Provided material:
⁂

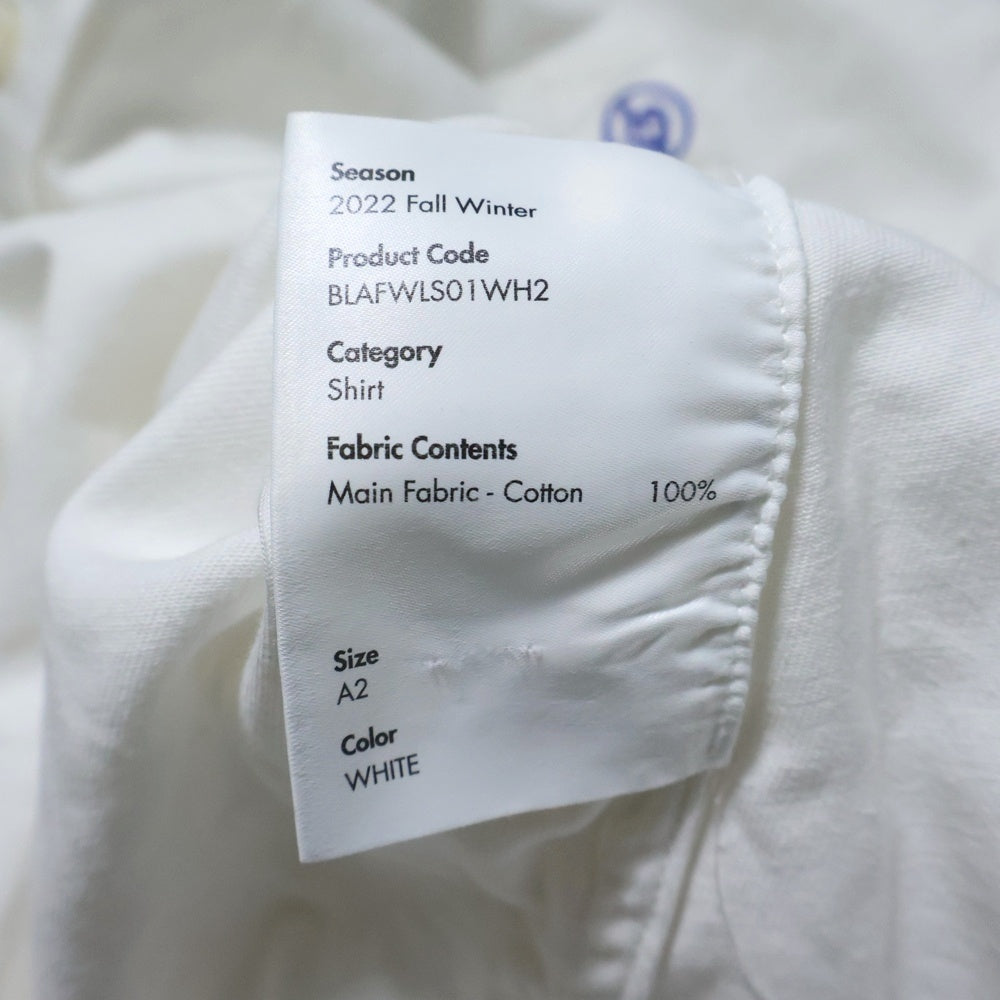 ADER ERROR(アーダーエラー) 22AW Speric logo shirt BLAFWLS01WH2 スペリックロゴ 長袖シャツ ホワイト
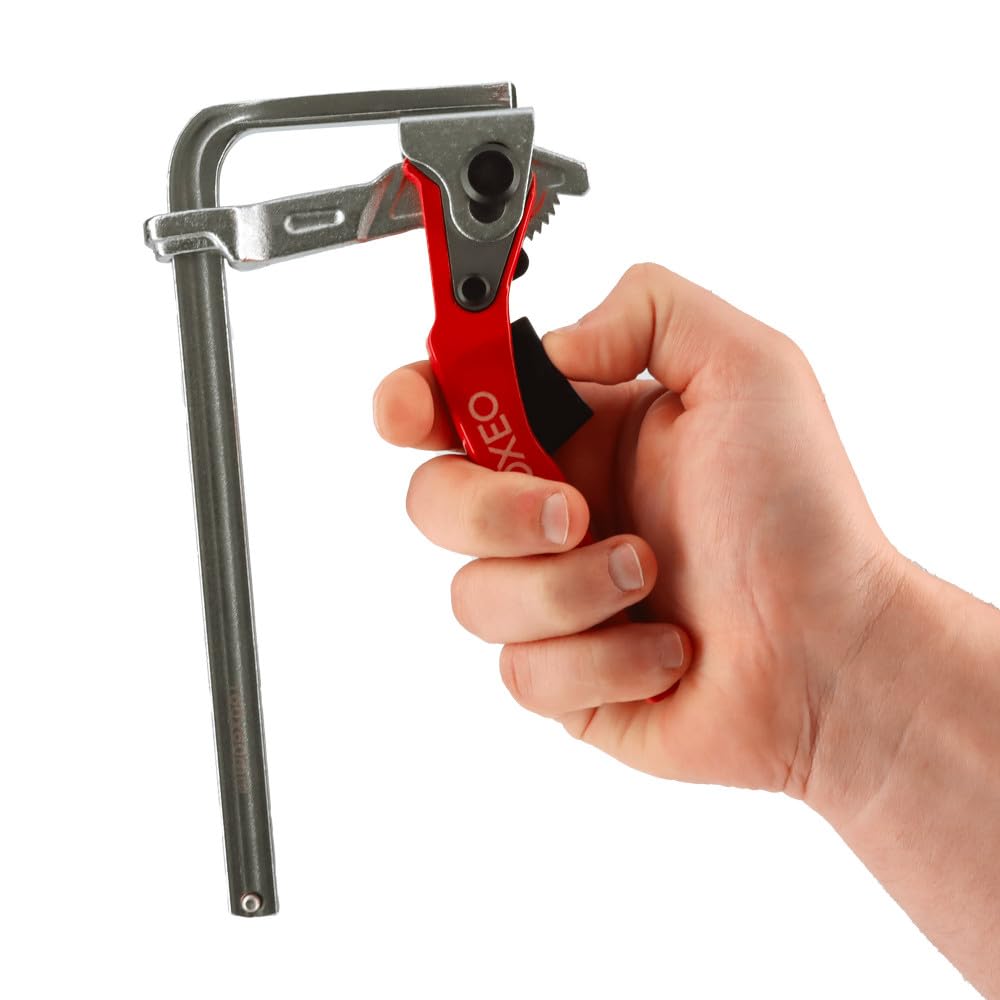 Serre joint à levier 160mm X2 - rapide adapté rail de guidage - Pince table à cliquet - Saillie 60mm - Acier - Ponçage, coupe
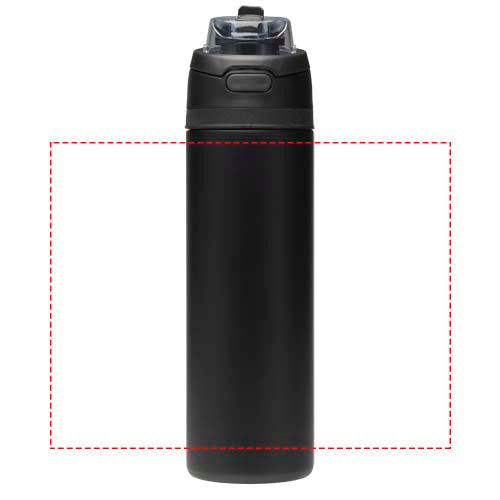 Theron 800 ml RCS-vattenflaska i återvunnet rostfritt stål med enkelvägg och lock med dubbla funktioner samt utfällbart sugrö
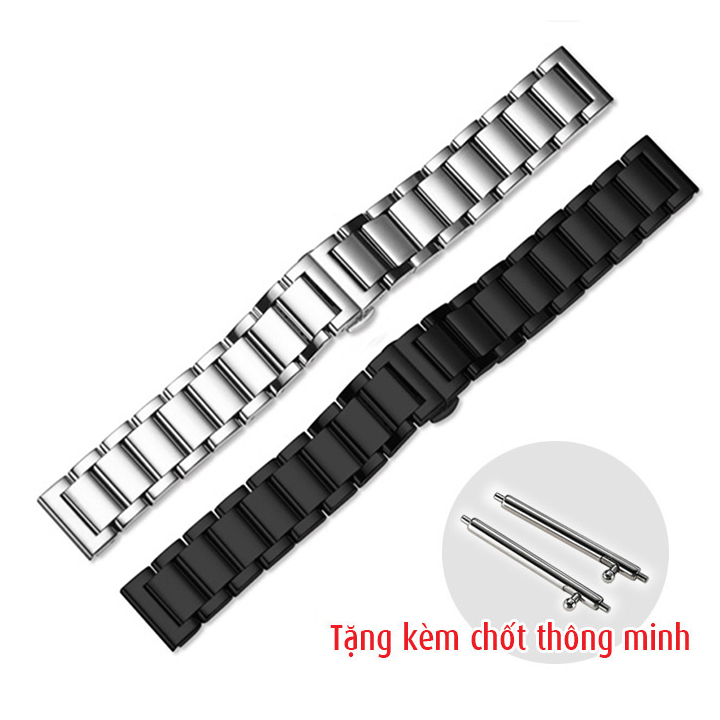 Dây đồng hồ inox khóa bướm hai nút bấm kèm chốt thông minh, dây inox cho đồng hồ thông minh - D1912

⁂

Task brief: Word for word, output the lines from the beginning of the listing through the line holding "Theron 800 ml" and nothing beyond them. Omit the pictures.

Problem solution:
 ADER ERROR(アーダーエラー) 22AW Speric logo shirt BLAFWLS01WH2 スペリックロゴ 長袖シャツ ホワイト
 Serre joint à levier 160mm X2 - rapide adapté rail de guidage - Pince table à cliquet - Saillie 60mm - Acier - Ponçage, coupe
 Theron 800 ml RCS-vattenflaska i återvunnet rostfritt stål med enkelvägg och lock med dubbla funktioner samt utfällbart sugrö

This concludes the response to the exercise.